This week I welcome friend and fellow Greek-American writer Steve Karas. A Chicago native, Karas is the author of the stellar short story collection Kinda Sorta American Dream. I had the pleasure of blurbing Karas’ book, and what initially stands out is his range as a writer. As he explores the theme of identity in both contemporary and futuristic visions of America, he inhabits the diverse voices of a Greek-American diner owner, an African-American cop, and a Indian-American woman, among others with deftness and empathy. He introduces us to people struggling to make a life for themselves in America, and despite the familiar settings, both urban and rural,
the stories feel fresh and vibrant.
In contributing a post to the blog, I asked Steve to touch on his Greek roots, his experience growing up in Chicago, and the ways in which his background as a psychologist informs his writing process.
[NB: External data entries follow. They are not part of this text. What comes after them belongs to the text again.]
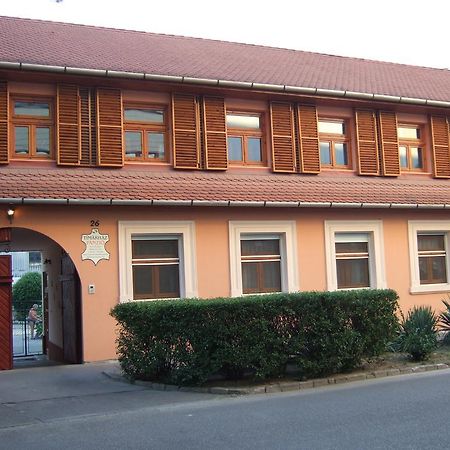 Tímárház Panzió Acomodação com café da manhã Szeged Exterior foto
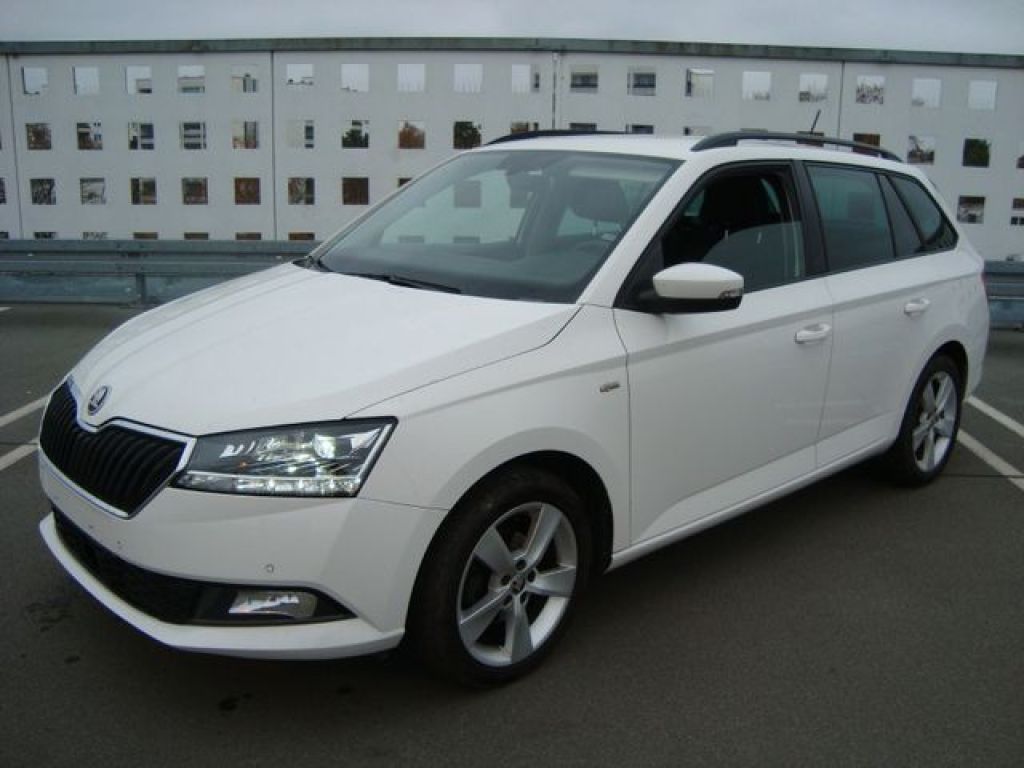 Skoda Fabia bei Gebrauchtwagen.expert - Hauptabbildung Skoda Fabia bei Gebrauchtwagen.expert - Hauptabbildung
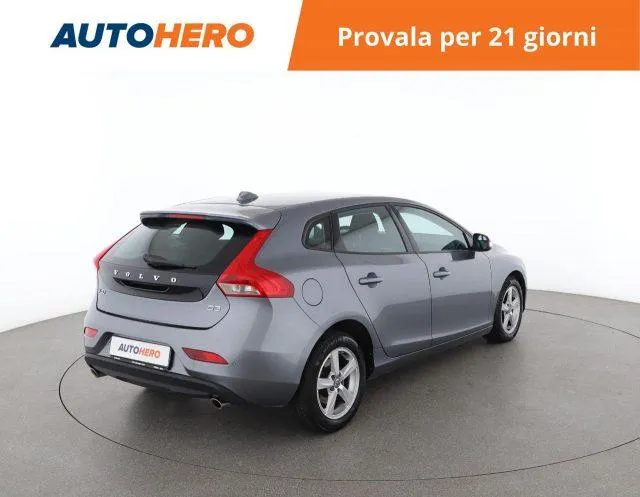 VOLVO V40 D3 Kinetic Image 5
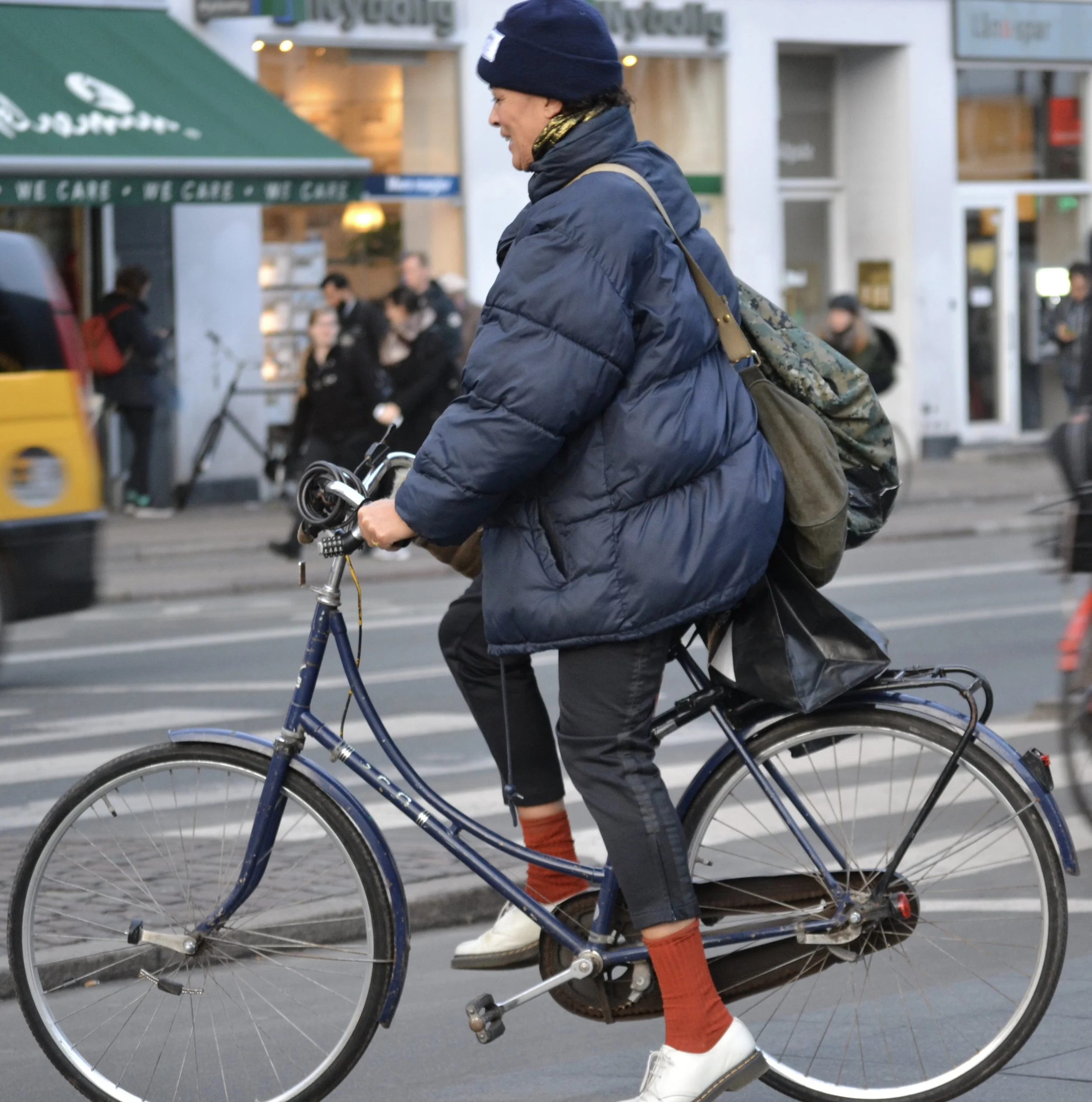 Afro street style, Stylish cyclist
Please enjoy Karas in his own words!
My family began its migration from Greece to America in the early 1900s. My great-grandfather, Ioannis, was the first, passing through Ellis Island in 1902 with eighteen dollars in his pocket. He landed in Chicago’s Near West Side, then the largest Greek immigrant community in the country. He came here for the same reasons so many other Greeks did at that time—to escape a poor economic climate, find employment. I don’t know if he ever intended to stay, or if he had any idea he’d be giving his children and grandchildren and great-grandchildren opportunities they wouldn’t have in Greece. My mom and dad followed in 1960 and 1970, respectively, unmarried at the time, strangers in fact. They came to join family that had settled here before them with the hope of having a better life. By the late 1990s, it’s safe to say my parents were living the American Dream. Both had established careers, they’d bought a house, saved a bit of money, sent two kids off to college. So as a late teen/early twenty-something-year-old, when I told my parents I wanted to be a fiction writer, I can only imagine what they were thinking. I was studying psychology in school, but having doubts about that path as my heart was in writing. What they told me was that I should stick with pursuing a more stable career. I remember having a talk with my dad during one of my college breaks.
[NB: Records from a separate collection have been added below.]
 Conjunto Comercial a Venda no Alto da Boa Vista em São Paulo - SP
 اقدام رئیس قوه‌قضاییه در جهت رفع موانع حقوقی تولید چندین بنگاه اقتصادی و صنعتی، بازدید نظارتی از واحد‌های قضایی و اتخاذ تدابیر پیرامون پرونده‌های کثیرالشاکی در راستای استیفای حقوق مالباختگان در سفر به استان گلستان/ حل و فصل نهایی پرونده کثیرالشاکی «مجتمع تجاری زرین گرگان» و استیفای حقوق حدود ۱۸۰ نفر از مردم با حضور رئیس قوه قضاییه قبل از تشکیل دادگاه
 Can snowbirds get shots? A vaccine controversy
“Position yourself so you have options,” he said. “After you have your degree you can do whatever you want.”
“This isn’t some hobby. A good job is one that makes you happy.”
“A good job is one that pays.”
I huffed, loudly I’m sure. Didn’t the Greeks have a rich history in literature, after all? How about Homer? Hadn’t my dad read the Iliad, the Odyssey?
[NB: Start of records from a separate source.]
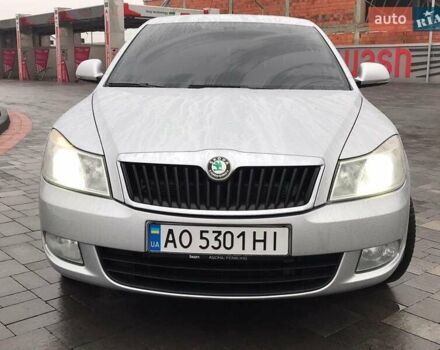 Шкода Октавия 2010 в Хусте на Automoto.ua Серый Шкода Октавия, объемом двигателя 1.6 л и пробегом 230 тыс. км за 8000 $, фото 3 на Automoto.ua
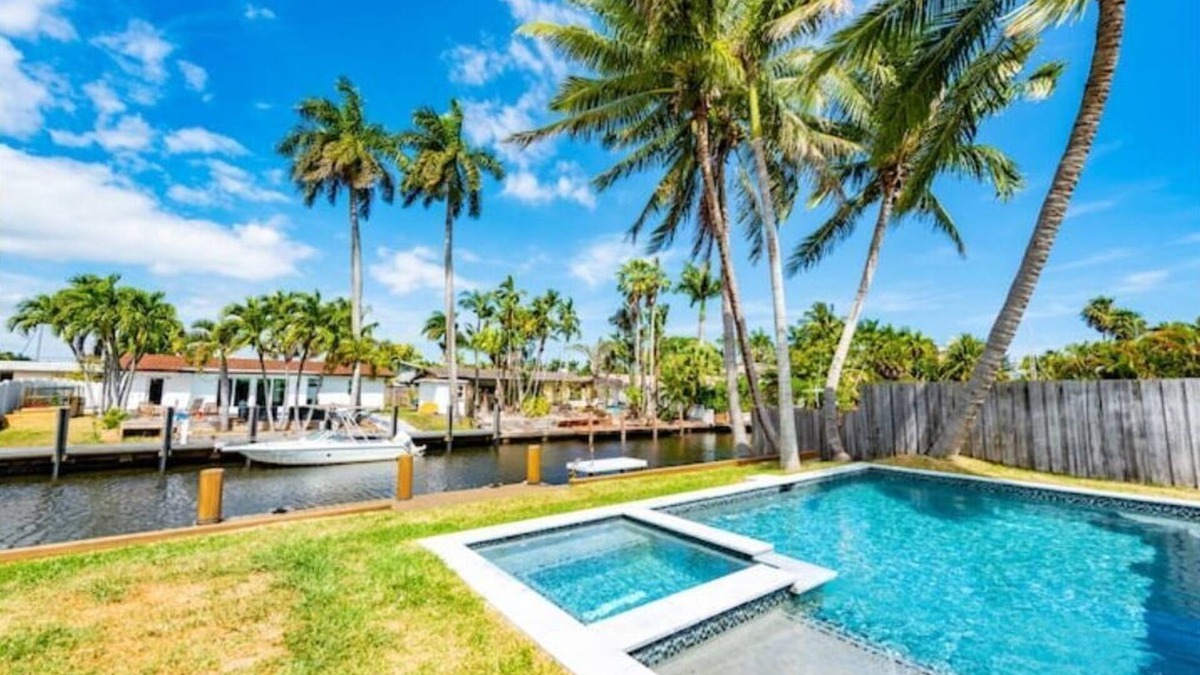 Riverside Park House | Riverside View and Access w/Pool
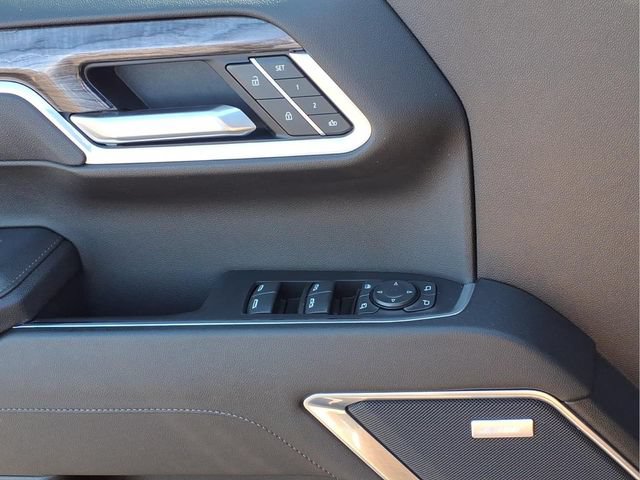 Used 2025 Chevrolet Silverado 1500 LTZ AWD/4WD image 19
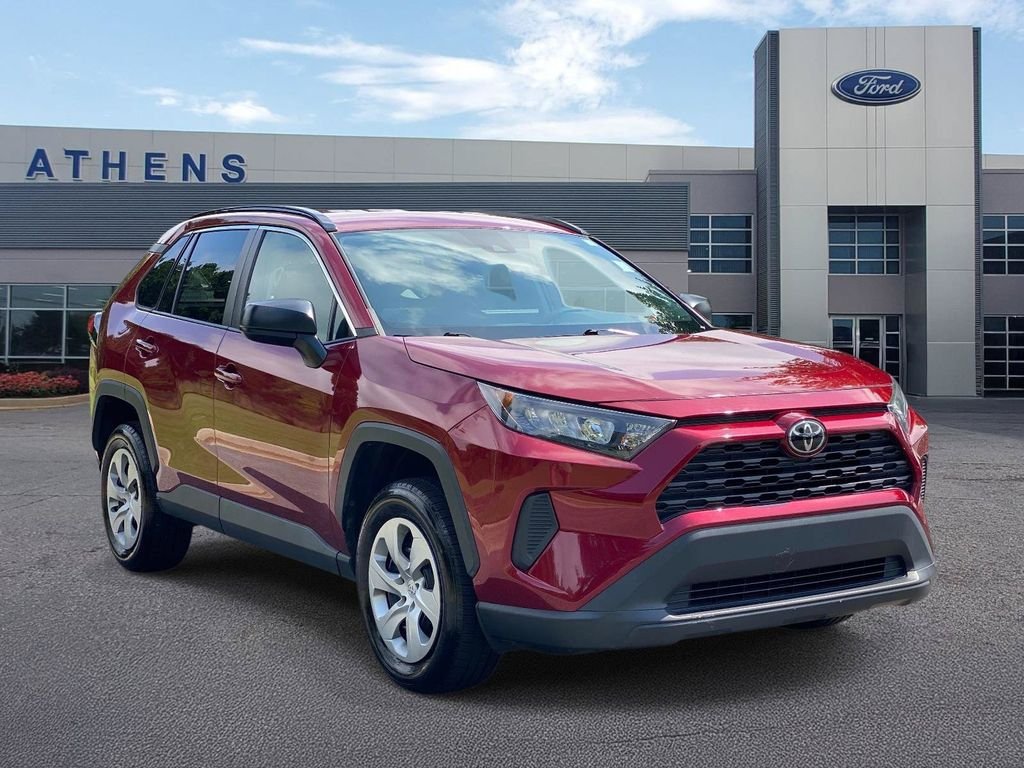 Used 2021 Toyota RAV4 LE FWD video 1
“Get your degree, and then you can do whatever you want,” he said. “Just make sure you have options.”
I thought it would be too late by then. I never considered I could do both.
I traveled to Greece a couple years later, the summer before I was to begin graduate school in psychology. I remember meeting up with a close friend who had been living there and pursuing a soccer career after a series of knee injuries had cut short a promising college stint in the States. He’d been confronted by one road block after another in Greece: offers that had fallen through, shifty agents, corrupt coaches and team presidents. We’d spent the day carving through the Monastiraki flea market in the old town of Athens and Plaka, the historic neighborhood built on the foothills of the Acropolis. We took a break from the sun on the cobbled steps of a hidden alleyway, between white-washed cube homes, just beneath the Acropolis’ walls. I lamented about having to start school, how I’d felt pushed into it by my parents, how my dream of becoming a writer was being squelched.
He said, “If things don’t work out for me now, boom, I’m done. That’s it. And I’ll always wonder, what if? I’m telling you straight—you? You have your whole life to write.”
That stuck with me. Funny how when we’re young the things our friends tell us sometimes carry more weight than the words of our parents, the people who typically know us and love us most, have our best interest at heart.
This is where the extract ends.